Dr Felix Shaw, a research software engineer at the Earlham Institute, said: “Data should be findable, accessible, interoperable, and reusable - FAIR. It’s a fundamental principle, essential for reproducibility of experiments. Metadata is what makes FAIR possible.”
“COPO makes it much easier to prepare metadata for uploading alongside research data. It makes it findable and describable according to agreed terms.”
The Earlham Institute has contributed unique expertise in working with non-model organisms and the integration of wet-lab techniques and bioinformatics across its National Bioscience Research Infrastructure (NBRI) in Transformative Genomics.
This has also included contributions from Dr David Swarbreck, Head of Core Bioinformatics at the Institute, who has a seat on the ERGA genome annotation committee.
Dr Seanna McTaggart, ERGA representative and Programme Manager at the Earlham Institute, said: “ERGA was designed to be collaborative and interdisciplinary, allowing scientists with different specialities from all over Europe to work together easily.
“It allows research organisations like the Earlham Institute – primarily working with technology and data - to collaborate with scientists such as ecologists working in the field, and do so in a really natural and open way.”

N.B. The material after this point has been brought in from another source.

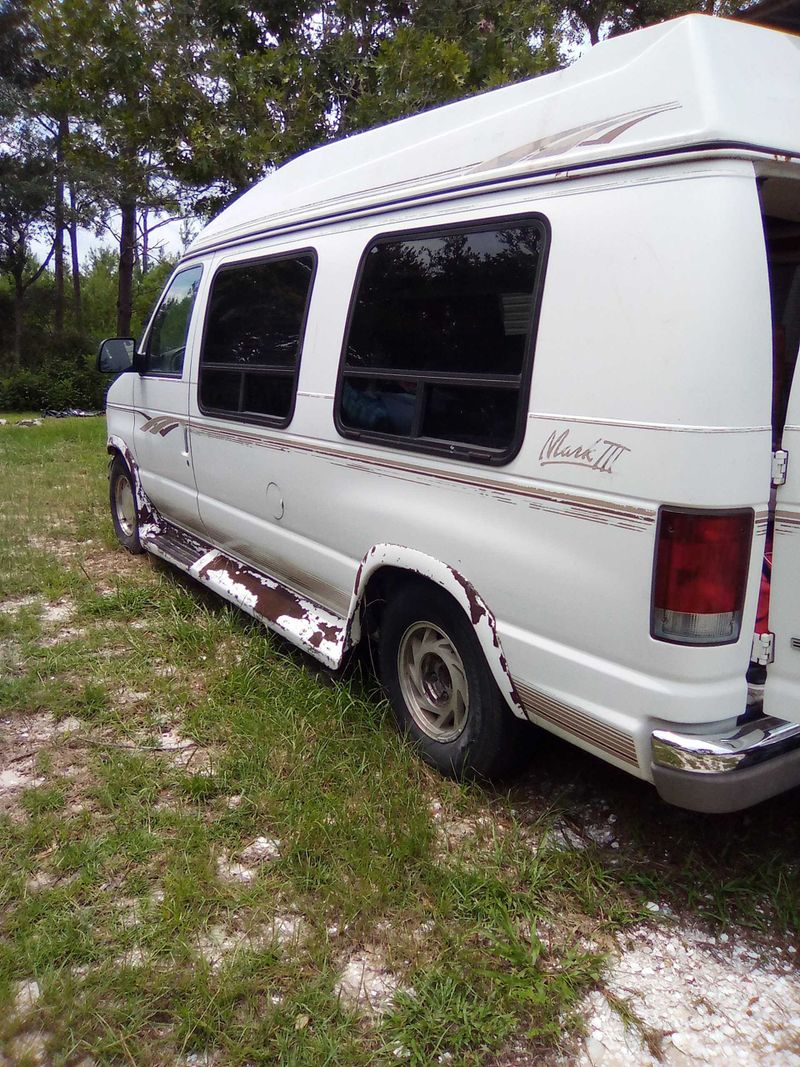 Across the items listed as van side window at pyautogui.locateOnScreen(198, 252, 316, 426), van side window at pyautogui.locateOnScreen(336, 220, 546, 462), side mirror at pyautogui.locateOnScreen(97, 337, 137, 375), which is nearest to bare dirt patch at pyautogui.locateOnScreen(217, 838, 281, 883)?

Professor Ann McCartney, Member of the ERGA Pilot Committee, Assistant Researcher University of California Santa Cruz, and adjunct Associate Professor at University College Dublin, said “The ERGA Pilot Project attempted to scale the generation of high-quality reference genomes across an entire continent.
“An endeavour of such magnitude was made possible only through its commitment to the principles of inclusion, equity, and collaboration - as well as the dedication of its diverse, transdisciplinary, and cross-sectoral participants.
“I feel incredibly lucky to have worked alongside such an amazing group of colleagues to help kickstart the construction of a genomics encyclopaedia of European species.”
An article and accompanying collection of research publications about the European Reference Genome Atlas Pilot Project are published today in npj Biodiversity.